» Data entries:
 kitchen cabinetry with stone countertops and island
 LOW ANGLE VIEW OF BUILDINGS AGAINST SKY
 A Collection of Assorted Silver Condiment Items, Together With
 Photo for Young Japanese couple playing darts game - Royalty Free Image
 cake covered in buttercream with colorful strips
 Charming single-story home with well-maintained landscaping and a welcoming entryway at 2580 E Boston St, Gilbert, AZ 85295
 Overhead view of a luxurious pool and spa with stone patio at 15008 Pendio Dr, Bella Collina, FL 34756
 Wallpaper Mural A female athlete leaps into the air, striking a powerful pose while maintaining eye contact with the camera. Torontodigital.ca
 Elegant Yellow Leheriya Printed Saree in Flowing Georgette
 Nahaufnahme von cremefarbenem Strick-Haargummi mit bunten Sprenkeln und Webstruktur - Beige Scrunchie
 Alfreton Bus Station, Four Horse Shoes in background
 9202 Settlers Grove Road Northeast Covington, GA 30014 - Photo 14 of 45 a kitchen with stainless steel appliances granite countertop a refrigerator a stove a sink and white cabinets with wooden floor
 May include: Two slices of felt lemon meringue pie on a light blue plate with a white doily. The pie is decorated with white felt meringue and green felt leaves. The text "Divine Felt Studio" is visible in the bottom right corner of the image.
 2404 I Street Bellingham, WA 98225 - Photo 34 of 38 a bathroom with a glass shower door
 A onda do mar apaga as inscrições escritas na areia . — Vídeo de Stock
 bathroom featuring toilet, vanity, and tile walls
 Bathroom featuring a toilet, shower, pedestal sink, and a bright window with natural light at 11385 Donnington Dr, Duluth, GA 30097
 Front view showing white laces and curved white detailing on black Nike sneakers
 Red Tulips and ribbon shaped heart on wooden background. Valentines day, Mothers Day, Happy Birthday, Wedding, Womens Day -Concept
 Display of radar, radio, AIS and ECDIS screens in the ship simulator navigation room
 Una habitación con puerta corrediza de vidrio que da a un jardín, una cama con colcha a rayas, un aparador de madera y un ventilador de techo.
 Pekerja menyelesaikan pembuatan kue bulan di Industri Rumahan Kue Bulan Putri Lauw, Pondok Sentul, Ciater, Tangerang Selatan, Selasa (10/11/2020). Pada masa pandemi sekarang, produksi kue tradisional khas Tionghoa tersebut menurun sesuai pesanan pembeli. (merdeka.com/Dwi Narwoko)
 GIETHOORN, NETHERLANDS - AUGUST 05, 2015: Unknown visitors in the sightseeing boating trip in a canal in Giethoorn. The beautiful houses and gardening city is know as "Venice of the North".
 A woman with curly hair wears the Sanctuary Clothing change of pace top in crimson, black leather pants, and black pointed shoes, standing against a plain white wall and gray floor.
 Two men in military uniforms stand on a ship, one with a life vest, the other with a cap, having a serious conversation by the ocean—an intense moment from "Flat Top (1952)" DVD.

» WHAT YOU WILL DO: Where a line of the entries contains the word "stone", copy that line.

» ANSWER TO THIS EXERCISE:
 kitchen cabinetry with stone countertops and island
 Overhead view of a luxurious pool and spa with stone patio at 15008 Pendio Dr, Bella Collina, FL 34756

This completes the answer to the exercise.